While memberships in veterans’ organizations are dropping across the board, North Bergen’s J. George Fredman Post 76 of the Jewish War Veterans is doing what it can to branch out into the community.

On Sunday, Post 76 met to plan its second visit to the Paramus Veterans Home, scheduled for Sunday, Aug. 10. The chapter initiated the event two years ago when it brought in musicians who performed selections from the Great American Songbook, a collection of Broadway music from the 19’0s, ’30s, ’40s, and ’50s. The last event drew about 60 families and Post 76’s Cmdr. David Kronick is optimistic about this year’s event.


Cmdr. David Kronick presented Monsignor John J. Gilchrist with a commemorative clock at North Bergen’s Temple Beth-El in appreciation for the monsignor’s work in bridging Jews and Christians.

"It’s a fun day for everybody," he said. "They were all smiling and nostalgic [last time]."


J. George Fredman Post 76 of the Jewish War Veterans invited three county sheriffs to a farewell breakfast last month before the three deployed to Iraq.

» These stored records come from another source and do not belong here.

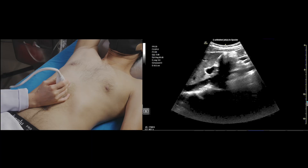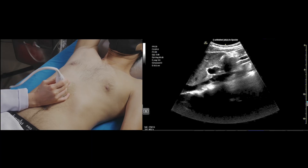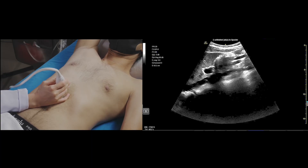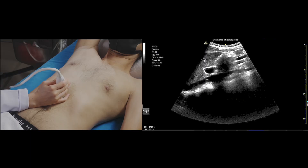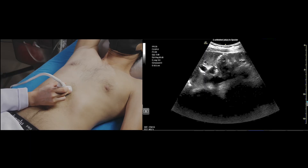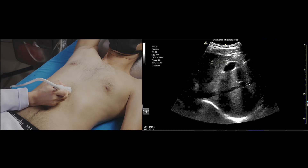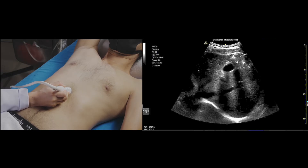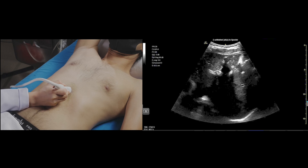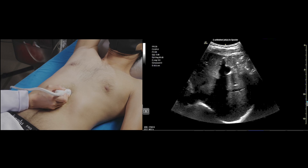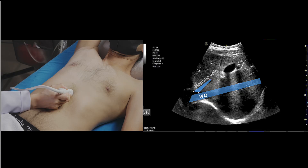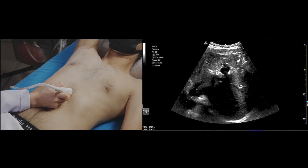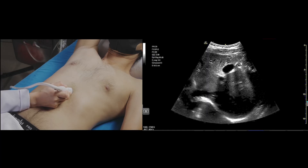Next, we go to the hepatic vein. There are two ways to visualize it. The first is the sub-xiphoid view in the same view used to capture the long axis IVC. The second is the coronal view. The sub-xiphoid view may result in a slightly less optimal image, so I'm going to show obtaining the hepatic vein in the coronal view, which may be easier to access.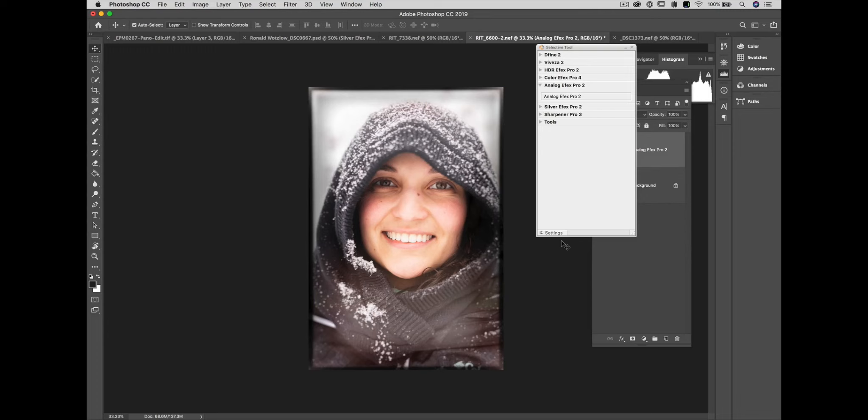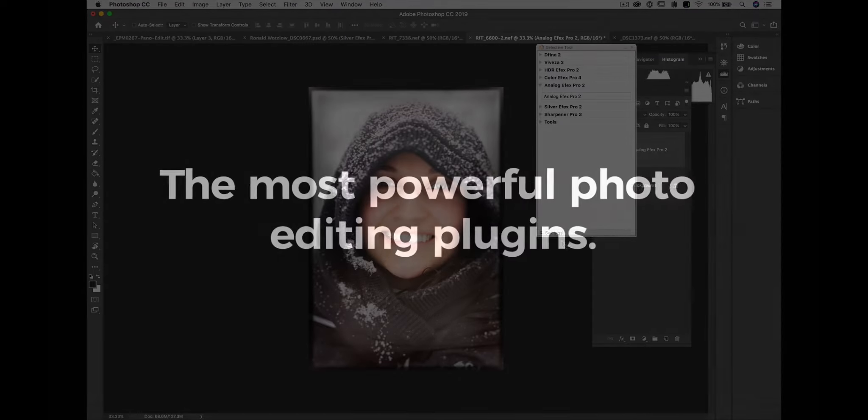I hope you found this demonstration helpful and maybe you've looked at Analog Effects Pro in a different way. I greatly appreciate you sticking around and watching our demonstration for Analog Effects Pro from the Nik Collection by DXO.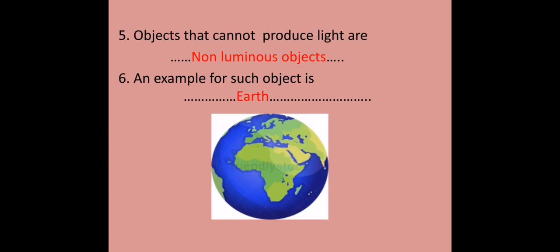Objects that cannot produce light are called as non-luminous objects. An example for such object is earth. Not only earth, stones, mountains and etc.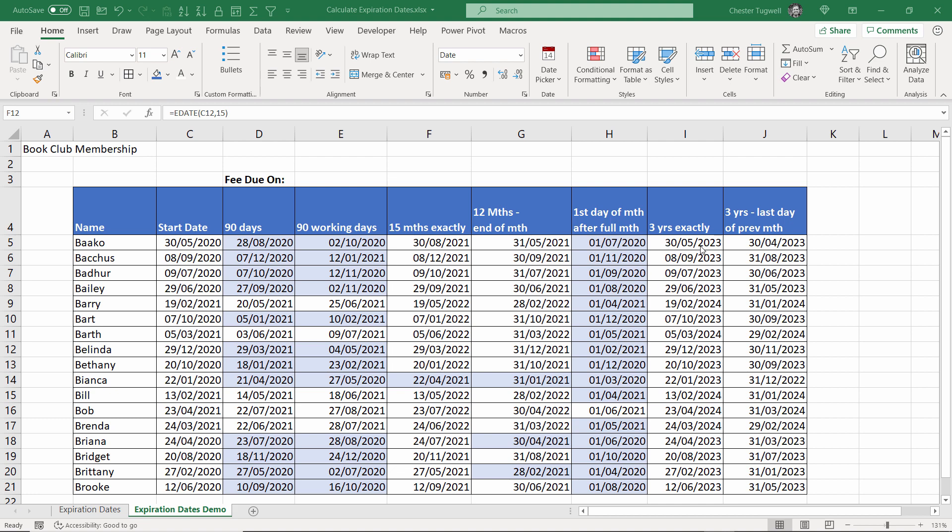Then three years exactly and then three years but returning the last day of the previous month. So for example if I start on the 8th of September 2020 I'm looking to finish on the last day of the previous month which would be the 31st of August 2023.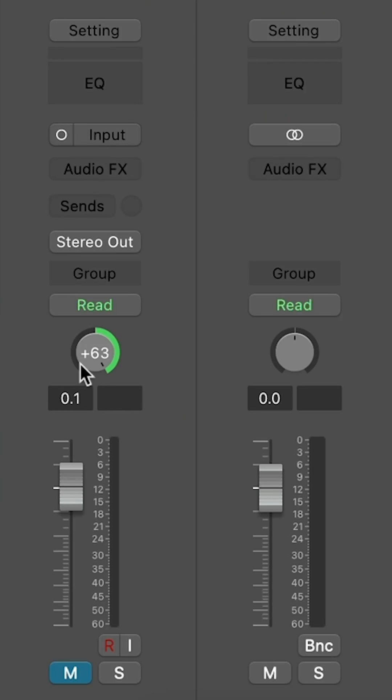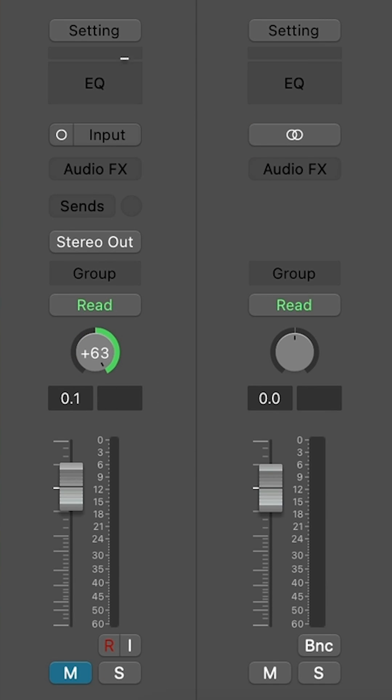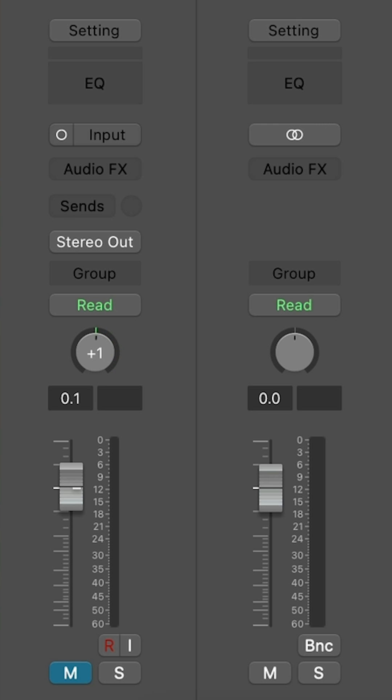Logic's pan knobs are also based on MIDI values. If you think about the range of zero to 127, including the zero, that's 128 total discrete values. So with Logic, if you have 64 values on the left and 63 values on the right, that's 127 plus an additional value for the center position, which gives you 128 total values.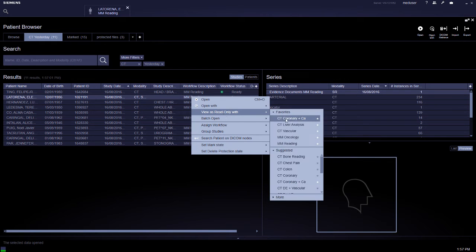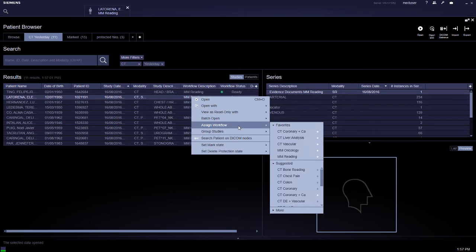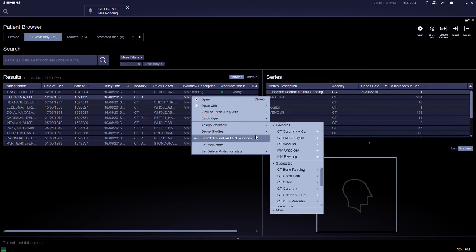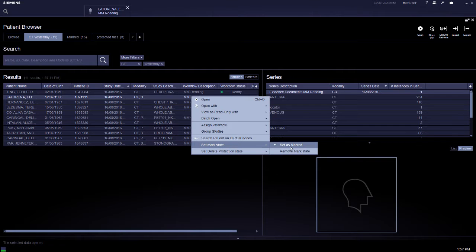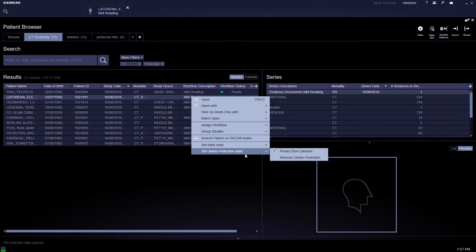USB only is to open without any saving of results. Assigning is to just assign a workflow without opening. You can also set it as a mark, and set the series or patient data to protect from deletion from the Symovia server.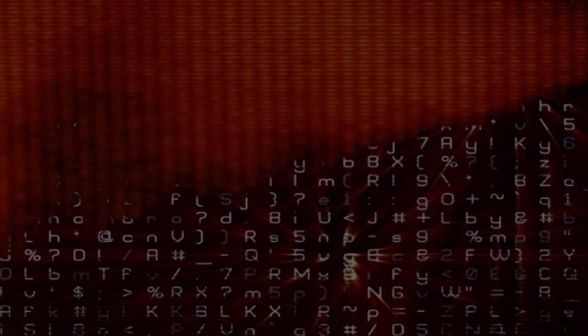Discover the answers in Mark Biltz's new book, Decoding the Antichrist and the End Times, available for pre-sale now.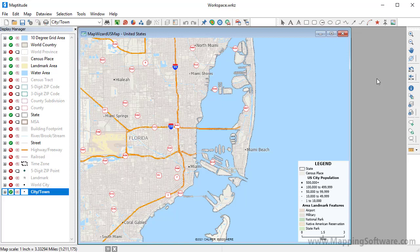This tutorial demonstrates how to see and use the data associated with Maptitude maps. Each country package that is available for Maptitude includes dozens of geographic files, all of which have some tabular data associated with them. Where available, demographic data are also included.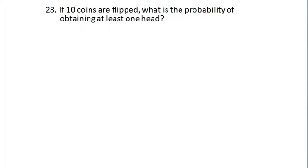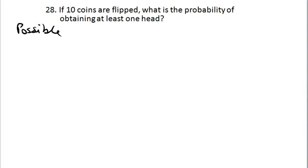If 10 coins are flipped, what is the probability of obtaining at least one head? Drawing a tree diagram is pretty much out of the question — you're not going to draw a tree diagram for this problem with too many branches. What I would do is rely on the intuition built up from when you did draw tree diagrams with smaller numbers. Look at the possible number of heads you could come up with in this scenario.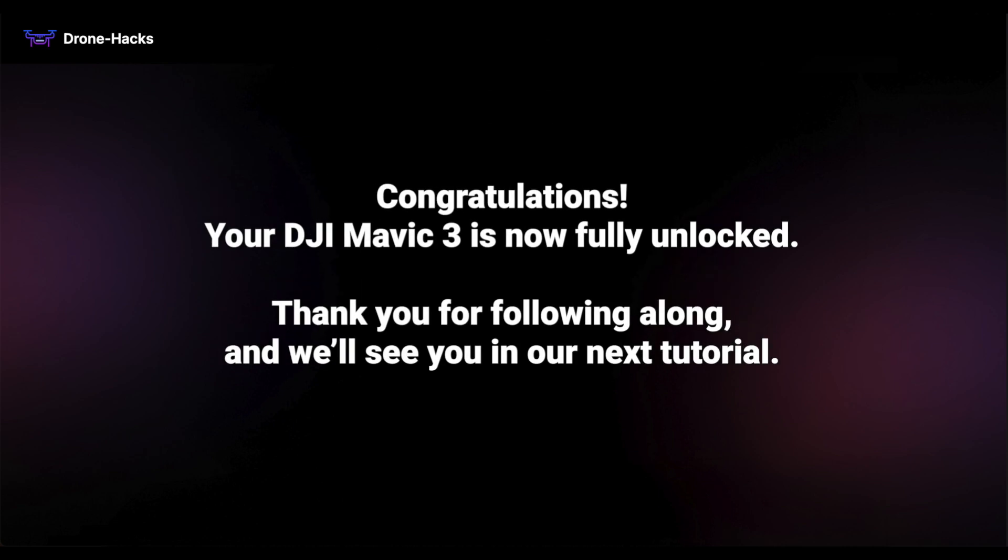Congratulations! Your DJI Mavic 3 is now fully unlocked. Thank you for following along, and we'll see you in our next tutorial.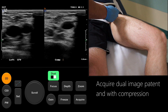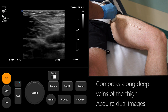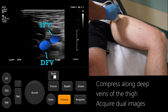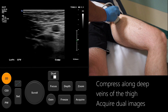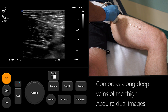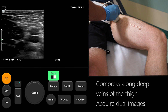Return to full screen and slowly slide the probe distally while regularly compressing the veins. The first branch of the CFV seen here is the deep femoral vein, after which the CFV becomes the superficial femoral vein. Acquire dual images demonstrating compression of the profunda and the proximal SFV.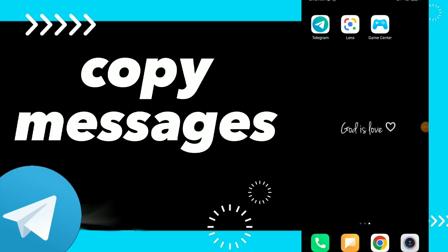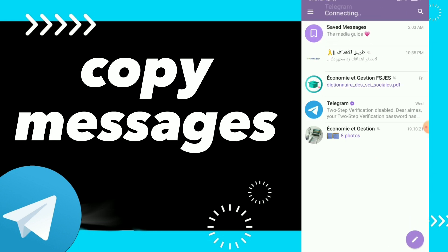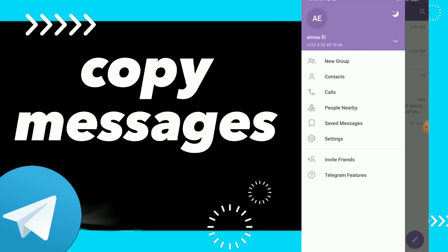How to copy a message. Hi guys, in this video I will show you how to copy a message easy and quick on your Telegram. First thing you have to go to your Telegram, and here you can click on those three lines.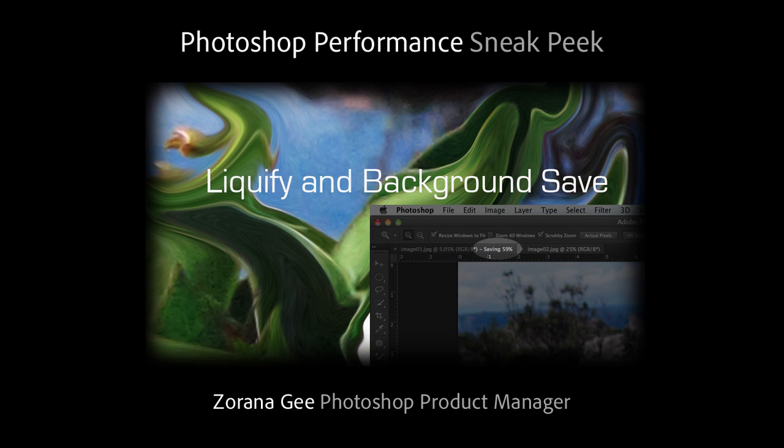Hi, my name is Zorana, Photoshop Product Manager, and I'm going to give you a quick sneak peek of some cool performance enhancements that we're working on.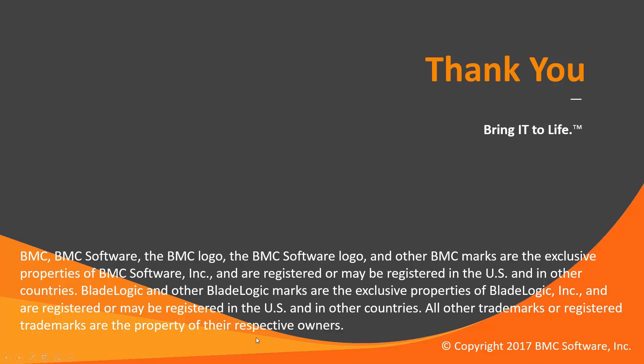That concludes this Control M Solutions video. Please see our Knowledge Base and YouTube channel for more videos like this. Thank you.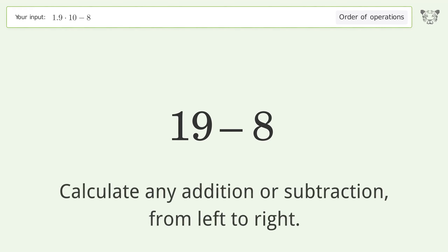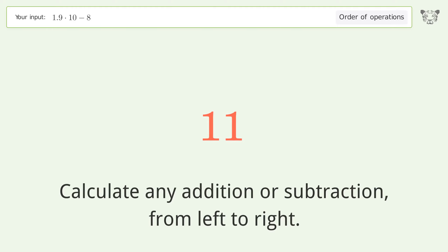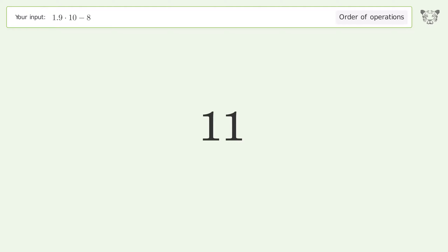Next, calculate any addition or subtraction from left to right: 19 minus 8 equals 11. And so the final result is 11.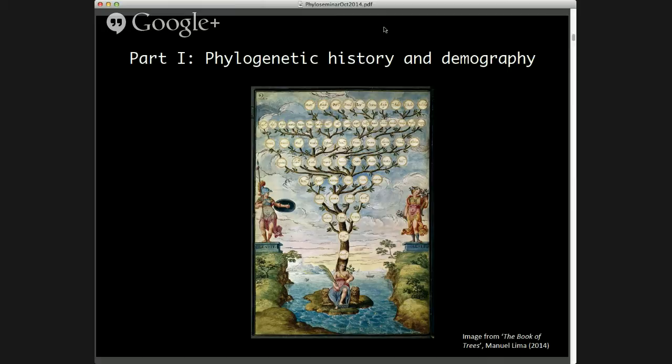Generally, when we look at a phylogenetic tree, we think of that tree representing the ancestral relationships among a set of taxa. Or if the samples are collected from an individual population, we might refer to that tree as a genealogy, representing the ancestral relationships among the different individuals in the population or their lines of descent. Genealogies also contain information about the demographic history of a population.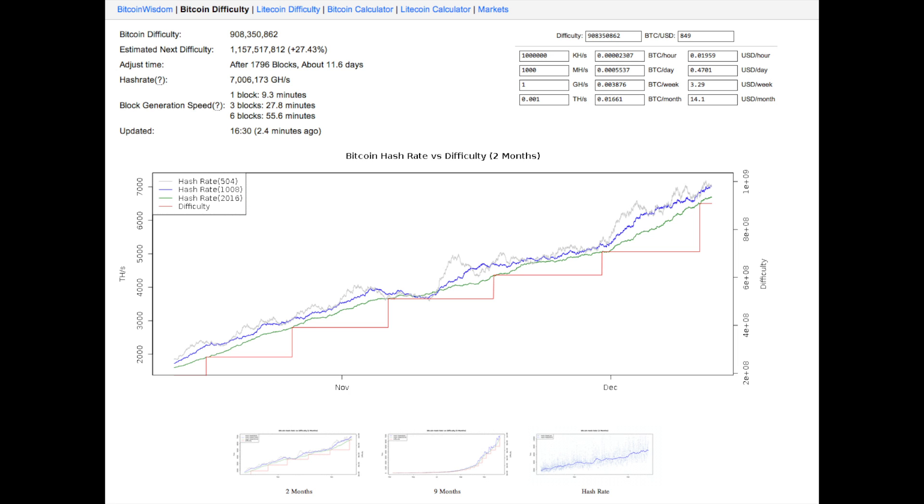I can do this by buying new hardware that is 10 times as fast as my current hardware, or by buying multiple miners to increase my hash rate 10-fold.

From left, Howard Barmad, Sheriff Ed Franco, Cmdr. David Kronick, Sheriff Al Cardona, Sheriff Victor Gomez, Arthur Presslaf, and Jr. Vice Cmdr. Barry Weiss.

In June, the post invited three county sheriffs to a meeting for a farewell before the three shipped off to Iraq. Sheriffs Ed Franco and Alan Cardona were deploying for the first time to Iraq while Sheriff Victor Gomez had already served.

The post presented a certificate of appreciation for the sheriffs’ service to the United States and served them breakfast.

"We look forward to their return and a welcome-home breakfast," Kronick said.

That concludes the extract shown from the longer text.